Timing of Personal Allowance increases – The Government has committed to raising the personal allowance from £11,500 to £12,500 by 2020. Timing the increases to coincide with the contribution rises in April 2018 and 2019 will help offset the reduction in take home pay.

Wait and see on further contribution rises – There have been calls to further increase the minimum contribution levels under auto-enrolment beyond 8% and to do so quickly. The high level of opt-out assumed by the Government should dampen these calls and shows that the legislation is currently walking a bit of a tightrope.

Compulsion – If large numbers of workers shun pensions, retirement saving could be made compulsory by removing the ability to opt-out. The current Government is likely to have neither the appetite nor the ability to push through such radical reforms.

Self-employed auto-enrolment – Currently only 1 in 10 self-employed workers save for retirement. Including this group in long term saving needs to happen quickly. The soon to be published review by the RSA’s Matthew Taylor may be the catalyst for such reform.

Wider implication

Tax relief – The costs of pension tax relief are already being scrutinised given pension saving is projected to increase by around £15 billion a year once auto-enrolment is fully phased in, a lower than anticipated opt-out rate would only focus further attention because it would increase the cost of tax relief.

Estimates used

Here is how we arrived at our estimated figures.

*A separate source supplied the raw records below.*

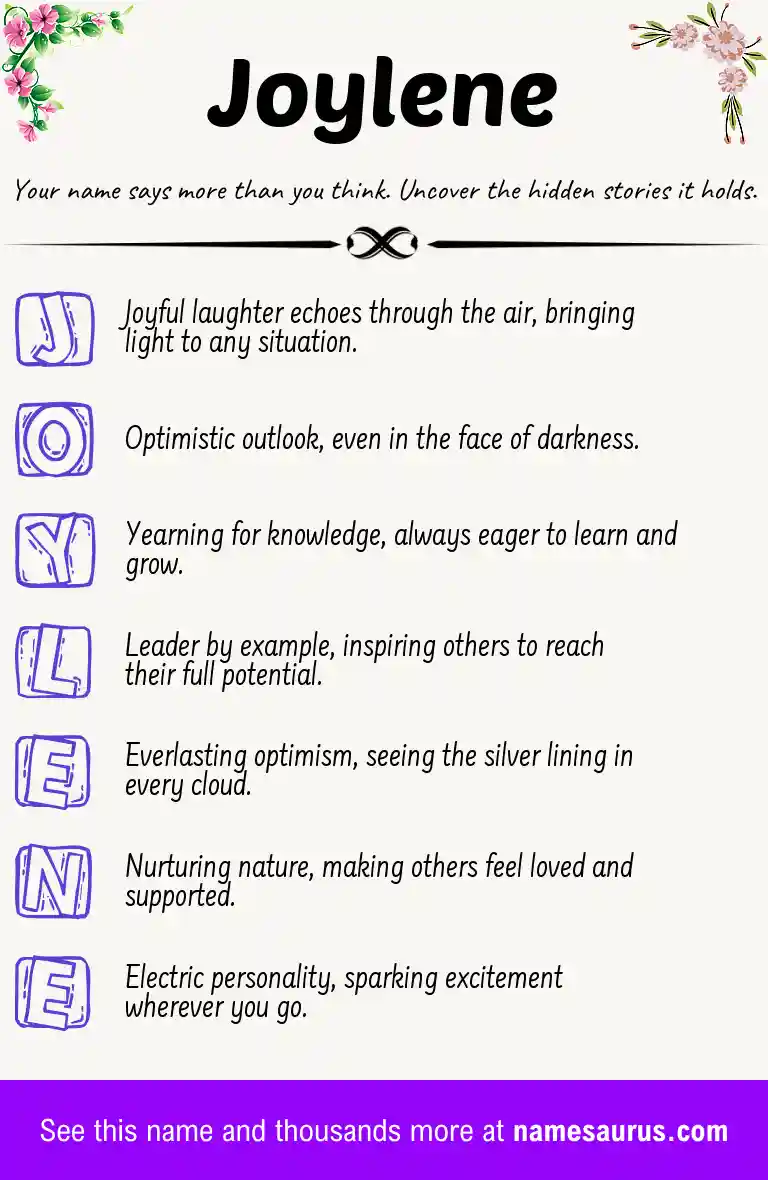 Acrostic poem about Joylene.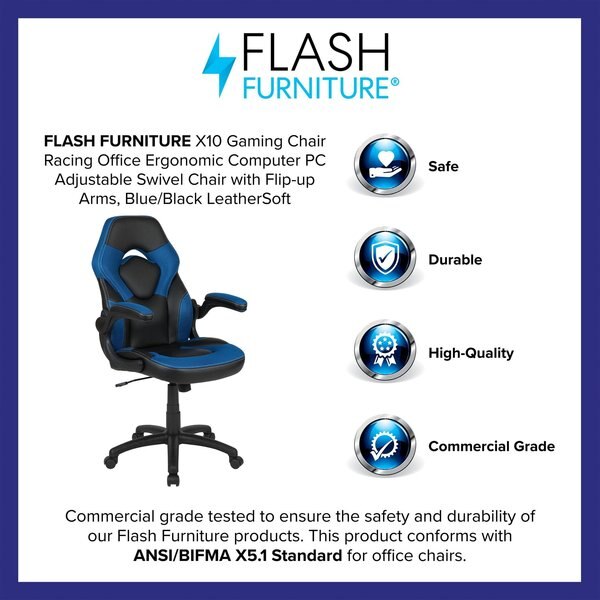 Gaming Chair, Padded Flip-up, Blue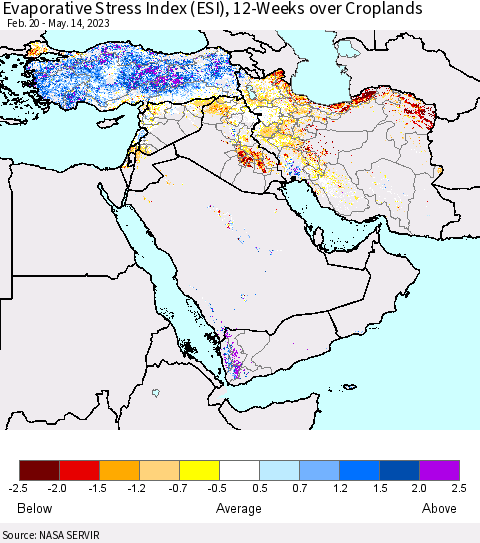 Middle East and Turkey Evaporative Stress Index (ESI), 12-Weeks over Croplands Thematic Map For 5/8/2023 - 5/14/2023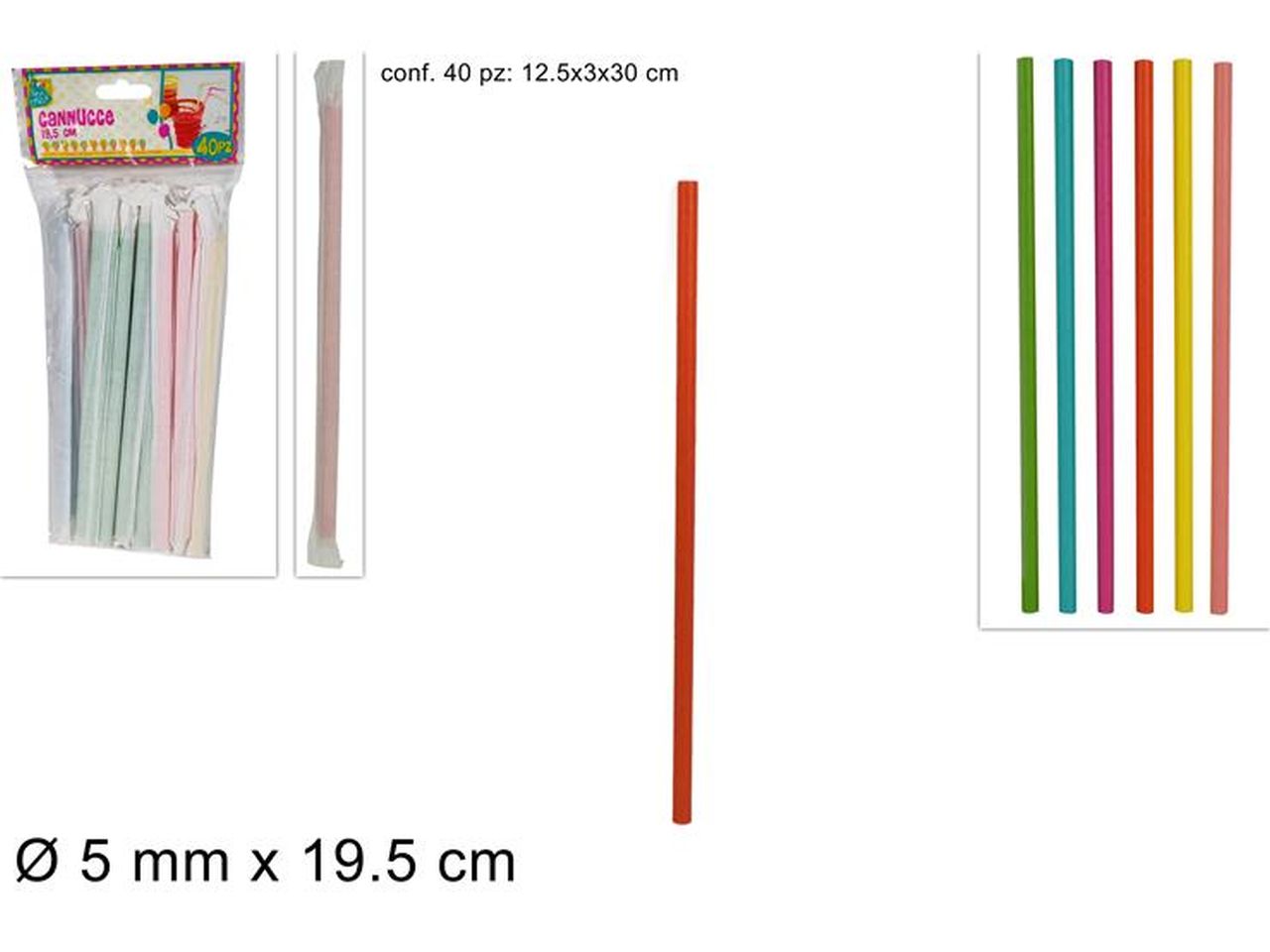 Cannucce carta colorate imbustate in 6 colori assortiti. confezione da 40 cannucce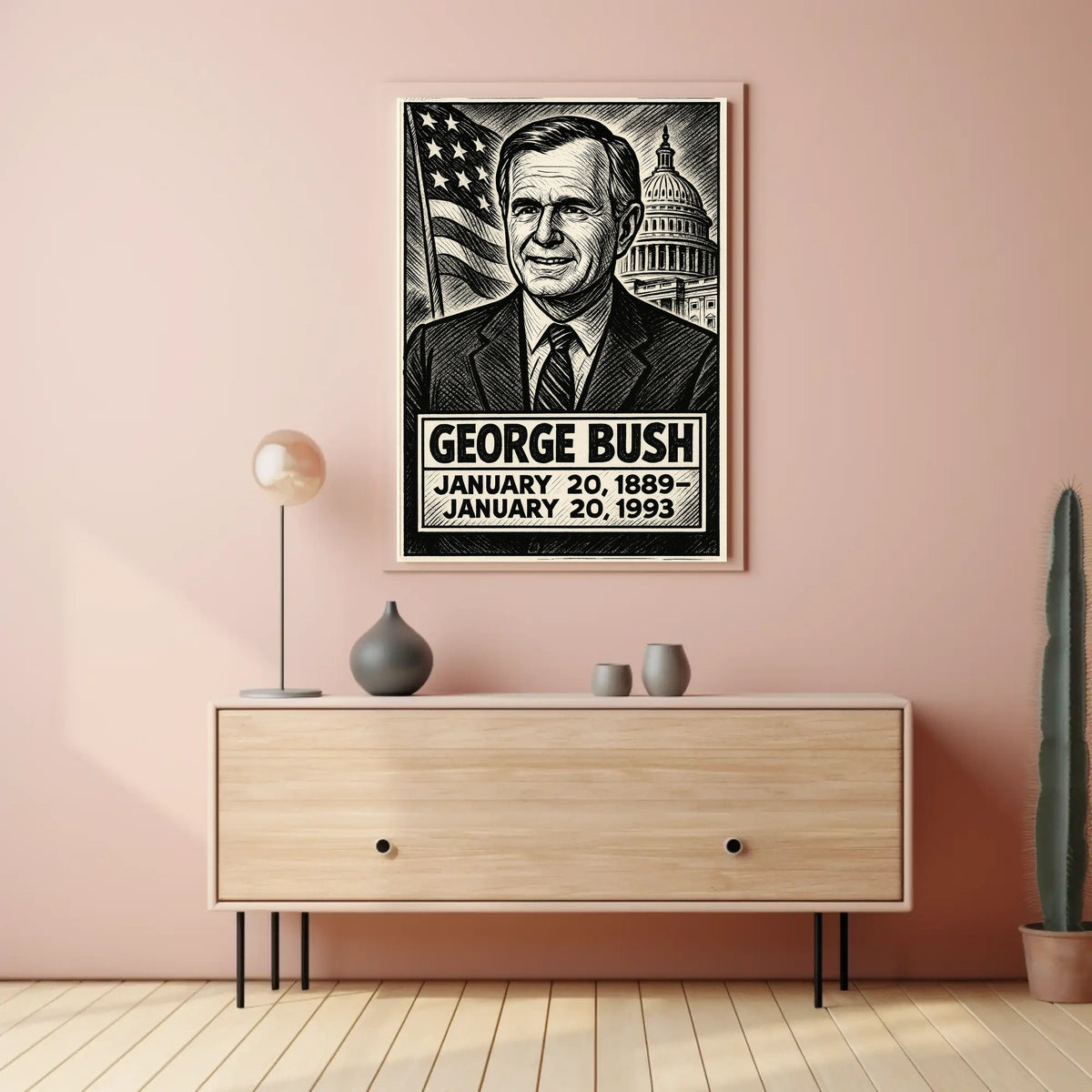 George H. W. Bush 41st President of the United States B & W Comic Sketch Poster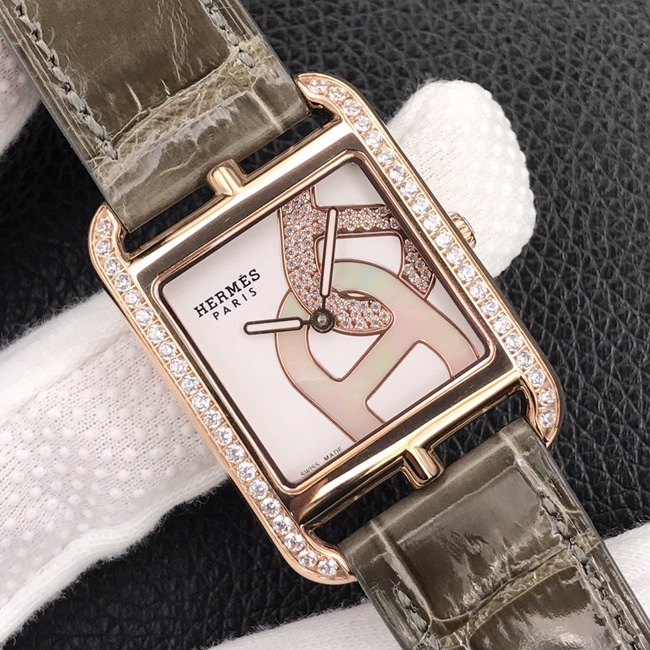 YF factory top collectible watches Hermes women's white disk brown belt square steel belt quartz watch front view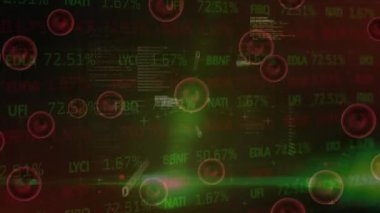 Animation of red particles over stock market data processing and green spots of light. Global economy and business technology concept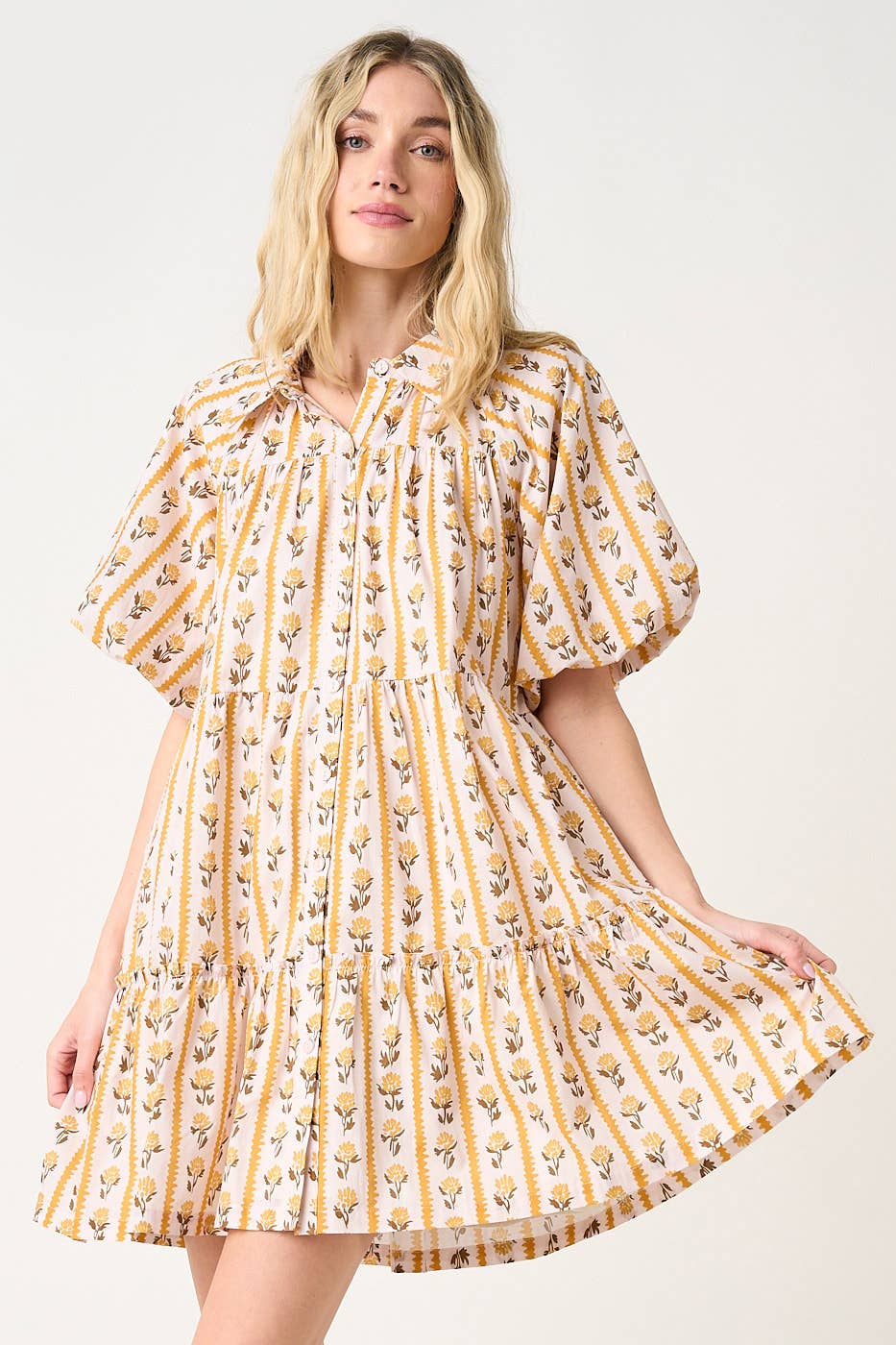 FLORAL STRIPE PRINT TIERED MINI SHIRT DRESS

  • 26.95 million employees.
  • 7.4 million not eligible: based on tPR declaration of compliance auto-enrolment reporting estimated 27.47% are not eligible.
  • Opt-out rates are located on page 19 of 22 from an impact assessment on tweaking auto-enrolments timescales for new employers.
  • Assumed turnover rate of 15% for UK workers (although we recognise different industries have different turnover rates).
  • 2,932,169 eligible employees changing job in 2019. If 27.5% opt-out, we have 806,346 missing out.
  • We also estimate 780,000 people reaching the age of 22 (ie becoming eligible). A 27.5% opt-out here leaves us with a further 214,500 missing out.
  • In total 1,020,846 employees opting-out.
  • Only 380,000 of 4.8 million self-employed are saving into a pension, so 4.42 million are missing out.